Lung cancer is broadly split into NSCLC and SCLC, with 80-85% classified as NSCLC. Within NSCLC, patients are classified as squamous, representing 25-30% of patients, or non-squamous, the most common type representing approximately 70-75% of NSCLC patients. Stage IV is the most advanced form of lung cancer and is often referred to as metastatic disease. For these patients with metastatic disease, prognosis is particularly poor, as only 6-10% will be alive five years after diagnosis. The introduction of targeted therapies and checkpoint inhibitors in recent years has improved outcomes for patients with advanced NSCLC; however, new approaches are needed for those who are not eligible for available treatments, or whose cancer continues to progress. Currently, no medicine is specifically approved for patients with HER2-mutant NSCLC.

DESTINY-Lung01
DESTINY-Lung01 is a global, Phase II, open-label, multicenter, two-cohort trial testing the safety and efficacy of ENHERTU in 170 patients with HER2mor HER2-overexpressing, defined as IHC3+ or IHC2+, unresectable and/or metastatic non-squamous NSCLC. Patients had progressed after one or more systemic therapies including chemotherapy, molecular targeted therapy or immunotherapy. The primary endpoint is confirmed ORR by independent central review. ORR, or tumor response rate, represents the percentage of patient whose disease decreased and/or disappears. Key secondary endpoints include DoR, DCR, PFS and OS.

ENHERTU
ENHERTU (fam-trastuzumab deruxtecan-nxki in the US only) is a HER2-directed ADC and is the lead ADC in the oncology portfolio of Daiichi Sankyo and the most advanced program in AstraZeneca’s ADC scientific platform. ADCs are targeted cancer medicines that deliver cytotoxic chemotherapy (“payload”) to cancer cells via a linker attached to a monoclonal antibody that binds to a specific target expressed on cancer cells.
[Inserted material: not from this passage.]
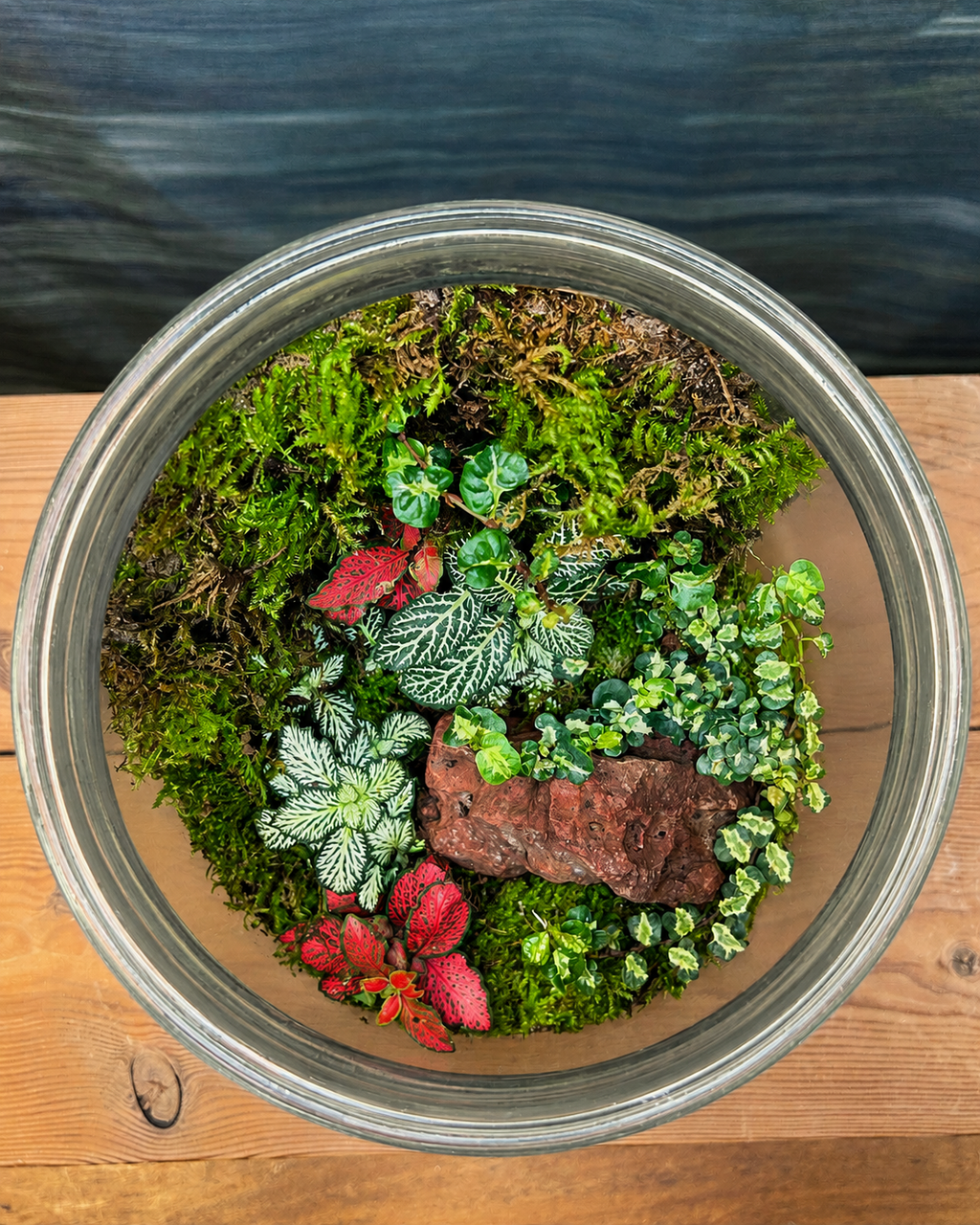 Hidden Forest Terrarium in a glass cylinder from Planterie, a serene miniature forest landscape with vibrant fittonia plants, lush green moss and natural stone accents, perfect as terrarium in Delhi for centre table plant arrangements, custom terrarium gifts in Delhi and indoor plant gifts for housewarming in Delhi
ENHERTU Clinical Development
A comprehensive development program is underway globally with six registrational trials evaluating the efficacy and safety of ENHERTU monotherapy across multiple HER2-driven cancers including breast, gastric and lung cancers. Trials in combination with other anticancer treatments, such as immunotherapy, are also underway.

Collaboration between AstraZeneca and Daiichi Sankyo
In March 2019, AstraZeneca and Daiichi Sankyo entered into a global collaboration to jointly develop and commercialize ENHERTU worldwide, except in Japan where Daiichi Sankyo maintains exclusive rights. Daiichi Sankyo is solely responsible for manufacturing and supply.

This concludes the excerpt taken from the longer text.